In all honesty though, Jason and I couldn’t be more opposite at times. Sure we share a lot of the same values, goals and ideas but in a lot of ways, we are very opposite. I tend to
overthink react fast to situations and have a constant sense of urgency (sometimes this comes back to kick me in the keister) to get things done. Jason, on the other hand, well….doesn’t. He is a very laid back and chill kind of guy and that usually is one of my most favorite things about him.
When Jason and I met, we both were pretty independent people. He had a roommate and I had just moved in with my little sister after living on my own for four or so years. I was happy to date a guy who knew how to feed himself, pay his own bills and do laundry. In some ways, I felt like I had won the boyfriend lotto!

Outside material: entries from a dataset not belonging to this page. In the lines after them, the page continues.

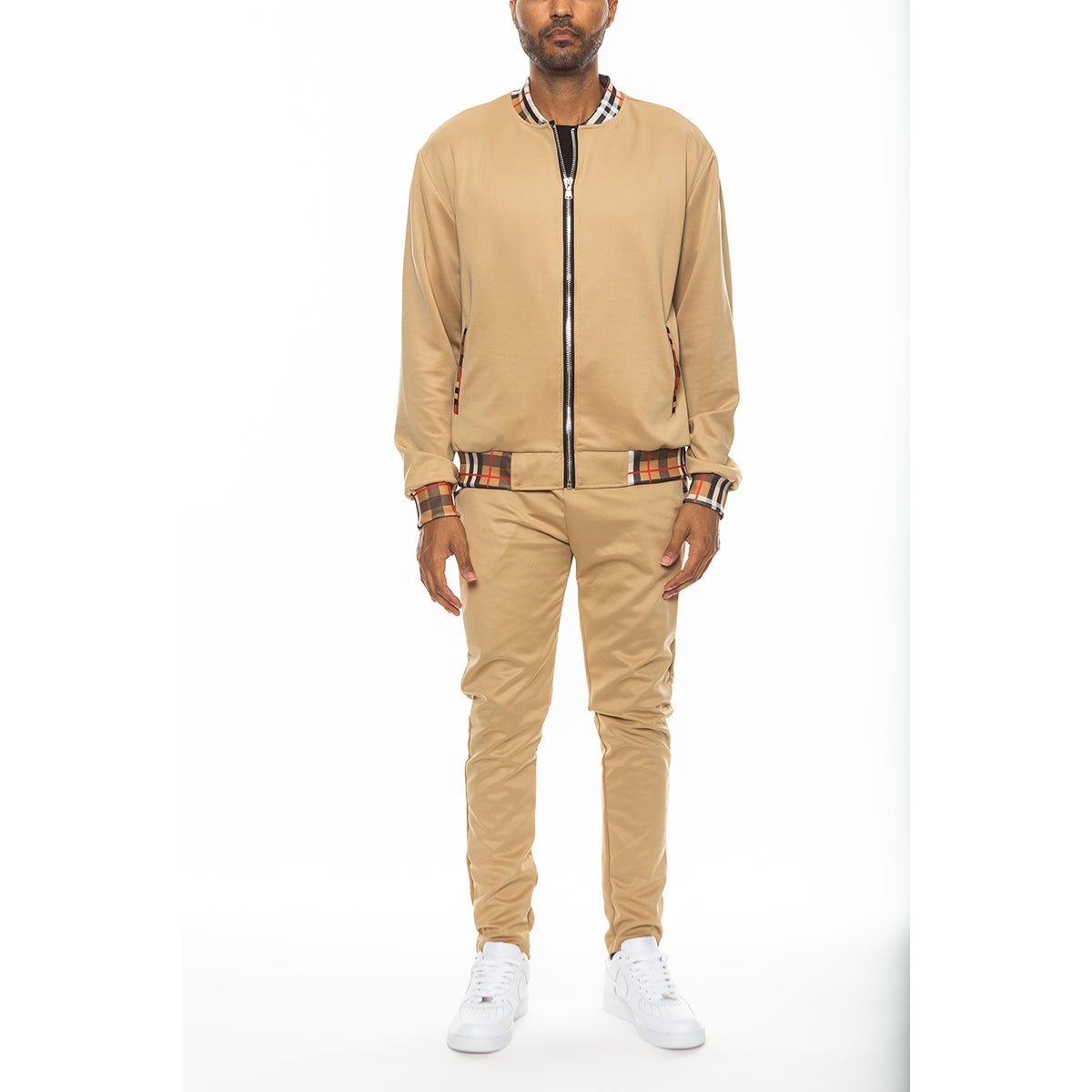 Checkered Detail Track Jacket Set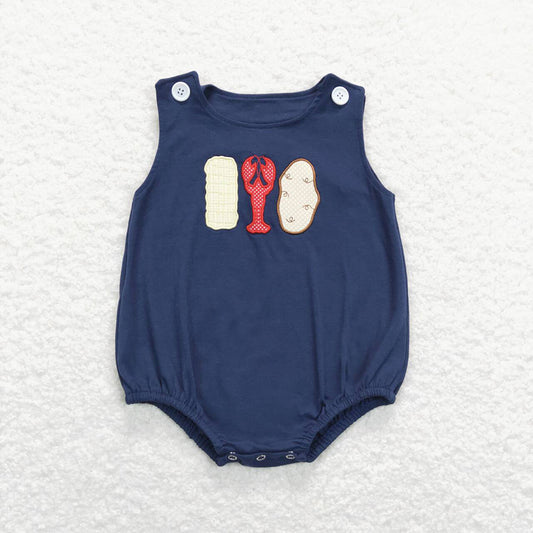 SR0740 baby boy crayfish short sleeve romper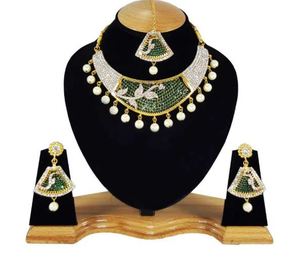 Vintage 24K Gold Plated Brass Alloy Crystal Rhinestone Zircon Imitation Pearl Flower Women's Wedding Party Anniversary <b>Gift</b> Set - Product Image 2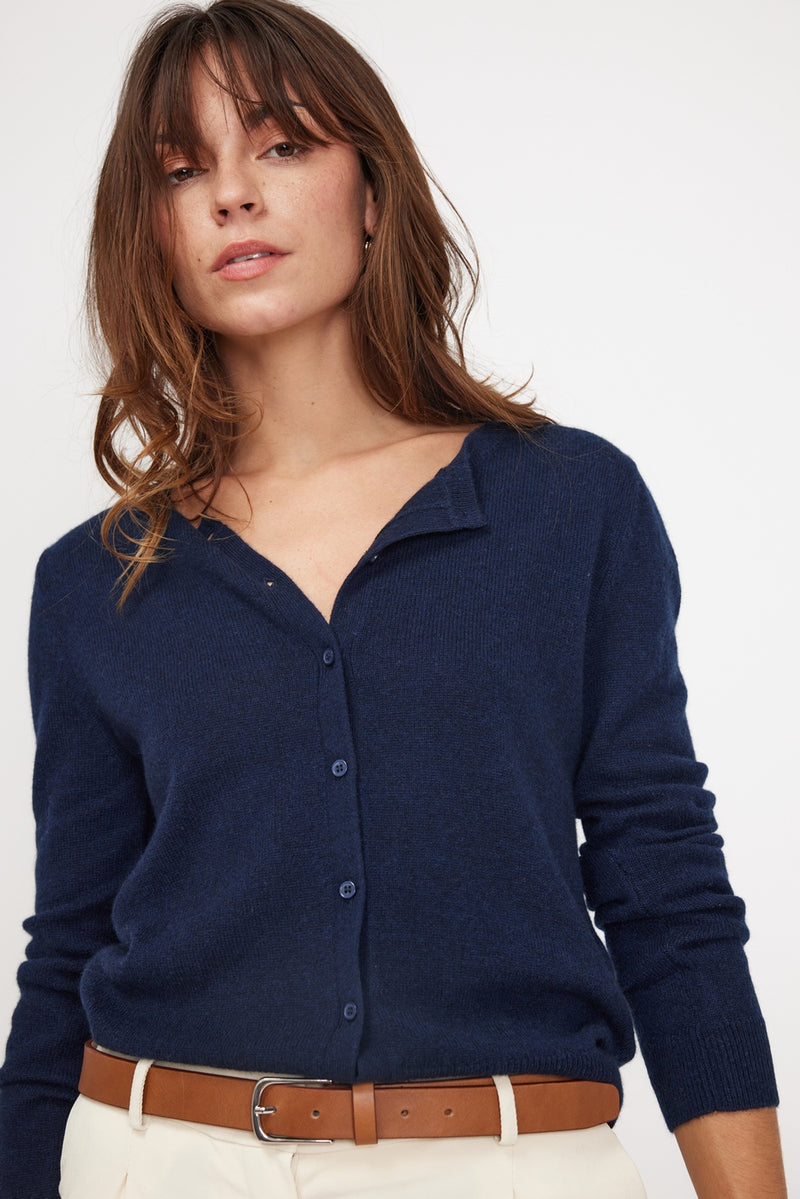 Cardigan Col Rond Zika - Bleu Marine - 100% Cachemire Oeko-Tex - Femme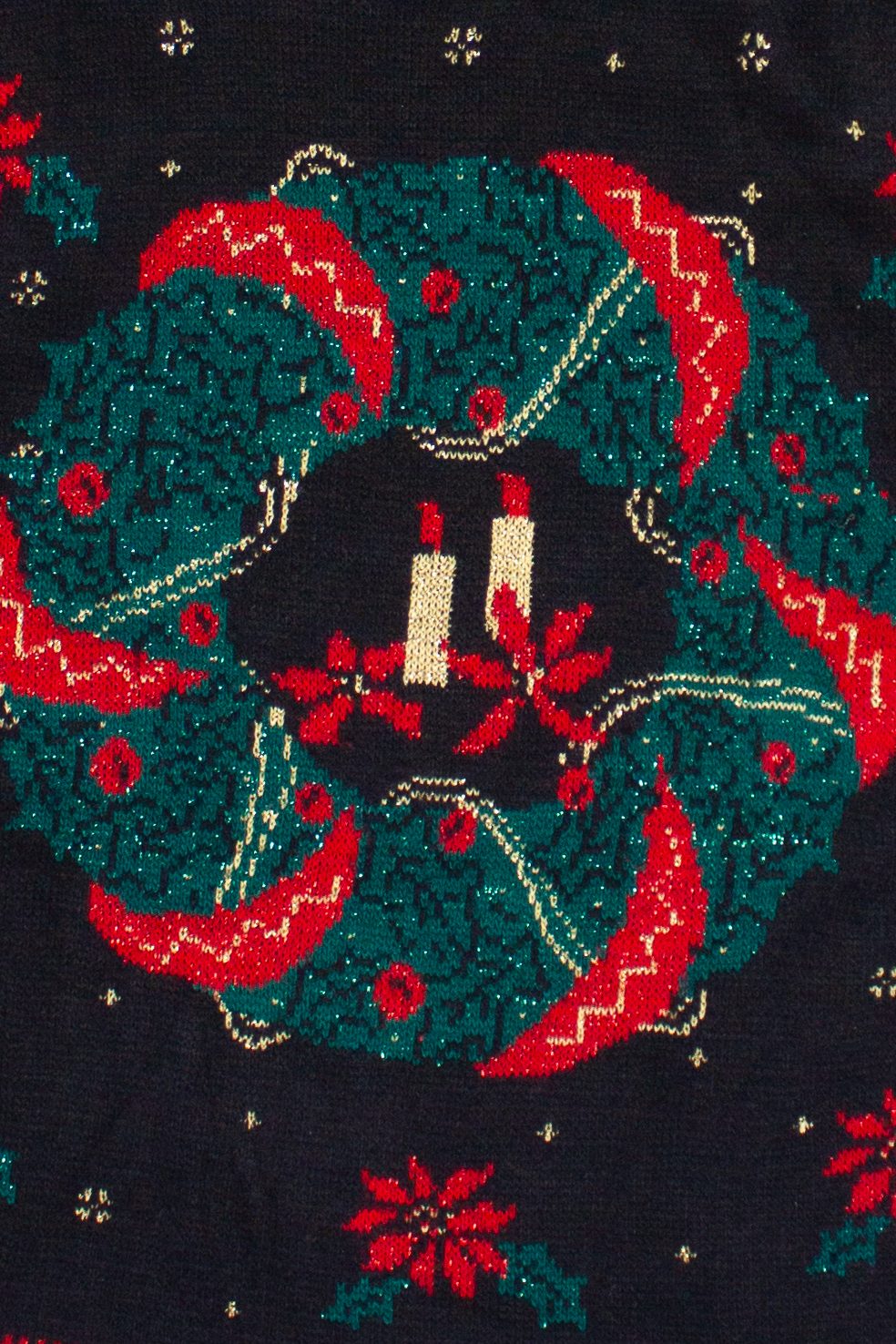 Vintage Wreath Poinsettia and Holly Pullover Ugly Christmas Sweater (2000s)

J and I moved in together a few months after we got engaged and had a lot of wedding planning to do. I was also still in school, so had plenty of distractions. Now that the honeymoon is literally over, where do two “slightly” stubborn people who know how to take care of themselves go from here?

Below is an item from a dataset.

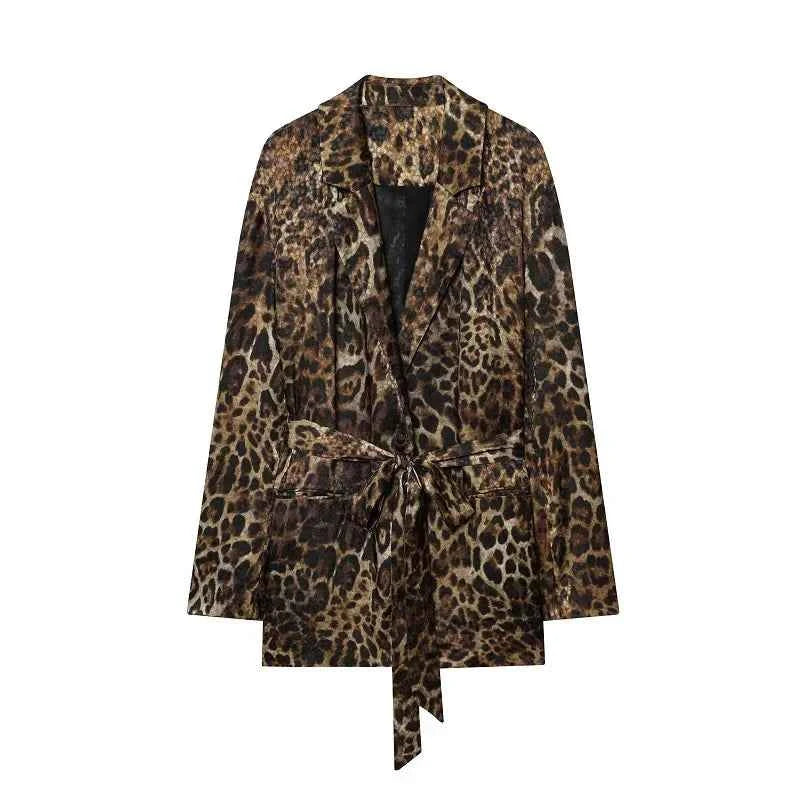 MUJER Leopard Print Blazers Woman Outfit Straight Leg Pants Sets for Women 2 Pieces Jacquard Office Blazer Women's Trouser Suit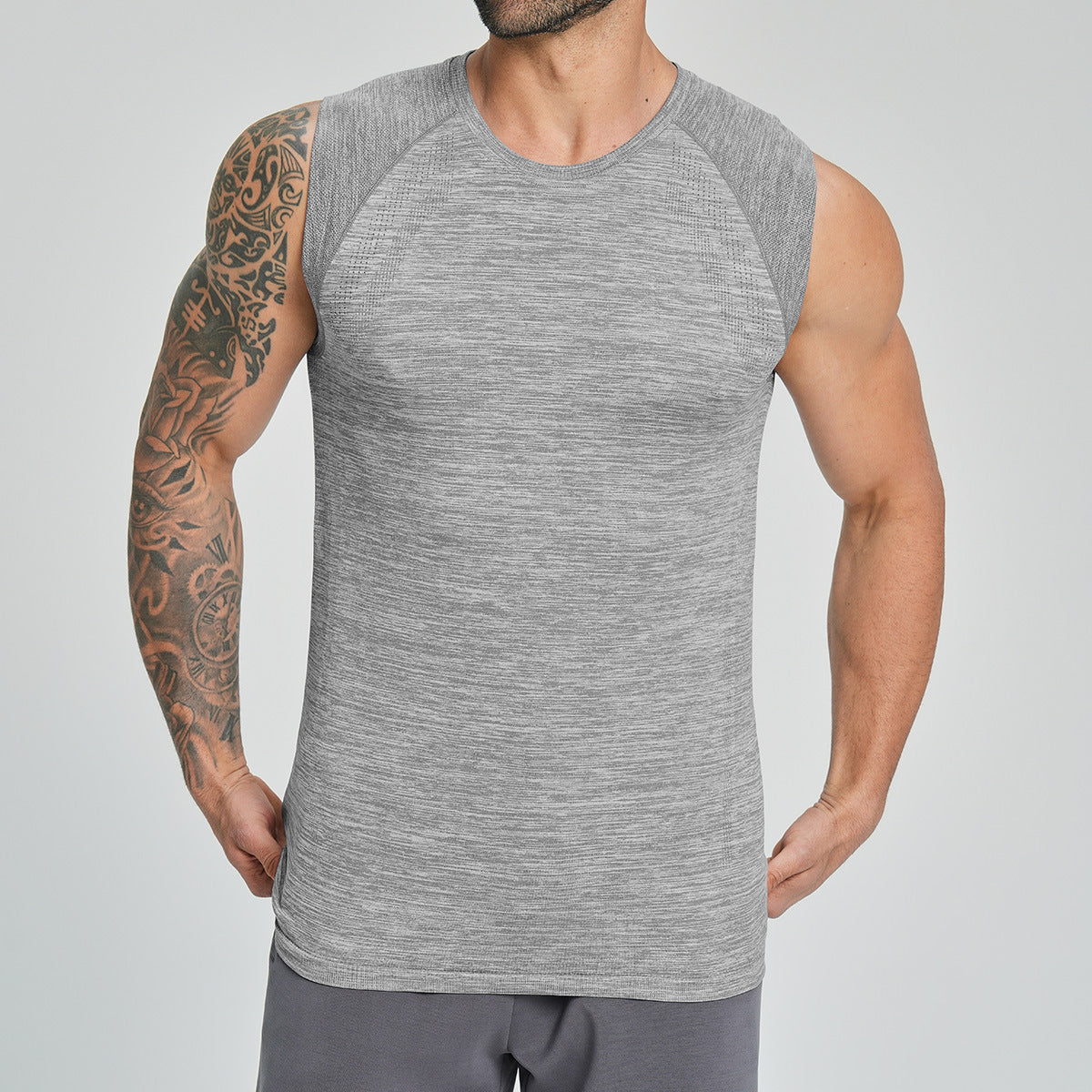 Men's Seamless Sleeveless Quick Dry Workout Tank-thumbmail-12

I am really wanting us to combine our paychecks/bank accounts and make more decisions together as a married couple. Nowadays obviously, most couples have already lived on their own and know how to take care of themselves and their own life, so does it really matter? But while I feel like we have to merge everything, Jason has the mentality, if it ain’t broke, don’t fix it…
I know every couple is different but for me, I feel like combining our finances will make both of us more accountable with our spending (I may have a slight addiction to all things coffee and Coach) and also help us to set more financial goals together.
So to all you married folk out there, what did you do once you said, “I do”?